Toute cette discussion fut d'ailleurs extrêmement orageuse, fréquemment interrompue, surtout vers la fin, par l'impatience de l'assemblée : elle ne fut pas moins vive dans la capitale. Nul doute_ même que l'adoption d'un parti mitoyen, celui du veto suspensif, ne fût surtout l'effet du désir de conserver une moyenne entre les deux opinions absolues, celle de la cour et celle qui paraissait po pulaire.

En effet, ainsi que nous l'avons vu, tous les districts de la capitale agitèrent cette question. Il s'agissait pour eux, non de la décider, mais d'obtenir un ajournement, et l'appel au peuple. Dans le plus grand nombre, la discussion n'eut point de conclusion : la question était terminée dans l'assemblée, lorsqu'elle commençait à peine chez eux. Dans quelques autres, le parti qu'avaient choisi les représentants de la commune triompha. Dans trois districts seulement, la majorité fut rapidement formée et d'accord pour que la commune de Paris insistât auprès de l'assemblée afin d'obtenir d'elle les deux concessions dont il s'agit : ce furent ceux de SaintGermain-l'Auxerrois, Saint-Étienne-du-Mont, et Saint-Jacquesde-l'Hôpital. Une députation de la ville de Rennes vint, le 4 septembre, solliciter les représentants de Paris dans le même sens;

ayant été écartée, elle s'adressa à l'assemblée nationale, et lui envoya la protestation dont elle était porteur. Cette démarche manqua d'exciter un orage dans l'assemblée : sans l'appui du côté gauche, elle eût été peut-être injurieusement repoussée.

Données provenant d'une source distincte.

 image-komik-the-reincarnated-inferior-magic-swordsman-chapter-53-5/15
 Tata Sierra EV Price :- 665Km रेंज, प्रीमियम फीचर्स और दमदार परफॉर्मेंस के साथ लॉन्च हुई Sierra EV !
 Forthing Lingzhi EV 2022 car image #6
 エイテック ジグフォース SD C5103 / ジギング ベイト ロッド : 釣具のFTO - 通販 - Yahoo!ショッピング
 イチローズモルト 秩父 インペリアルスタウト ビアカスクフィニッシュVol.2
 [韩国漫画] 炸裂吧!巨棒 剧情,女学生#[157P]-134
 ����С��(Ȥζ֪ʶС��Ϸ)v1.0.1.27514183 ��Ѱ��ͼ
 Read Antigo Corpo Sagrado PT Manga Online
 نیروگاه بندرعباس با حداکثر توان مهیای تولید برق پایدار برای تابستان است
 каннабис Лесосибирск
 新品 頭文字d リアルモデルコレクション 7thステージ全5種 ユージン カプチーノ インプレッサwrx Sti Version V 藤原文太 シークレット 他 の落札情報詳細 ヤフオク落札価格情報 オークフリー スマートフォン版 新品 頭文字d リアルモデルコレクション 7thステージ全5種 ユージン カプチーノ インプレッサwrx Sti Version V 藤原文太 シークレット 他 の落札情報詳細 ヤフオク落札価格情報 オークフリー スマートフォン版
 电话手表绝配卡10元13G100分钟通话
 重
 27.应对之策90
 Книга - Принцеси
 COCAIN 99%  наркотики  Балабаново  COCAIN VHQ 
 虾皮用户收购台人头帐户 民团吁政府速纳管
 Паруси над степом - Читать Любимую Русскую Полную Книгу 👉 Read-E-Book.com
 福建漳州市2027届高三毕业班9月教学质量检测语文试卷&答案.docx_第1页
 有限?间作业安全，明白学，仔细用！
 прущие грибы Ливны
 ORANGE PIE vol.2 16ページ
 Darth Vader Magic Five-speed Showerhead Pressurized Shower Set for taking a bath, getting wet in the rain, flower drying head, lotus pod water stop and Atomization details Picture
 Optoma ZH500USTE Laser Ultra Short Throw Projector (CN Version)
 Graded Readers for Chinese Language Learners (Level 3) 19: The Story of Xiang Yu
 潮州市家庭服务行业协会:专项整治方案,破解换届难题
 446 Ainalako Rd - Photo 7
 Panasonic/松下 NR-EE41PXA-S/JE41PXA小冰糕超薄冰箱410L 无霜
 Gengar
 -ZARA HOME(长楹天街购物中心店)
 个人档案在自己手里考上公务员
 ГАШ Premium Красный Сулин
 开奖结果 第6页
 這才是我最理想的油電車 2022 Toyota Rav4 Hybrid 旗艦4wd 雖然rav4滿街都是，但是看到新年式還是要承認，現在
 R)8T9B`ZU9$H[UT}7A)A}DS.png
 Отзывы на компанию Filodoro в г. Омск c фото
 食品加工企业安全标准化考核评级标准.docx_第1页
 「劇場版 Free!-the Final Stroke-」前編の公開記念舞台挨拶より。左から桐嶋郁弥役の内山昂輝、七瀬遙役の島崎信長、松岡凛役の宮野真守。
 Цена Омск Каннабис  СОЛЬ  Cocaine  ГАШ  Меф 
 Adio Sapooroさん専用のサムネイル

Cependant « rien de si naturel que la délibération des citoyens. de la ville de Rennes, observe Marat (le Publiciste parisien, journal politique, etc.), rien de si juste que les principes qui lui servent de fondement, rien de si étrange que les réclamations qu'elle a excitées, et rien de plus odieux que les motions auxquelles elle a donné lieu... Si la délibération de Rennes devait trouver un zélé défenseur, c'était le comte de Mirabeau... Mais, au lieu d'épouser la cause de la nation, il a pris un ton d'importance pour élever l'autorité des députés au-dessus de celle des commettants.

« Les villages, les bourgs, les villes, les provinces, s'est-il écrié, tout cela n'est que sujet, et le corps législatif ne doit nulle déférence légale, nul compte de ses opinions à telle ou telle agrégation. Ce n'est pas là sans doute les sentiments qu'il a fait éclater pour capter les suffrages des bourgeois de Marseille et des paysans, lorsqu'il s'est humanisé avec eux jusqu'à leur vendre du drap...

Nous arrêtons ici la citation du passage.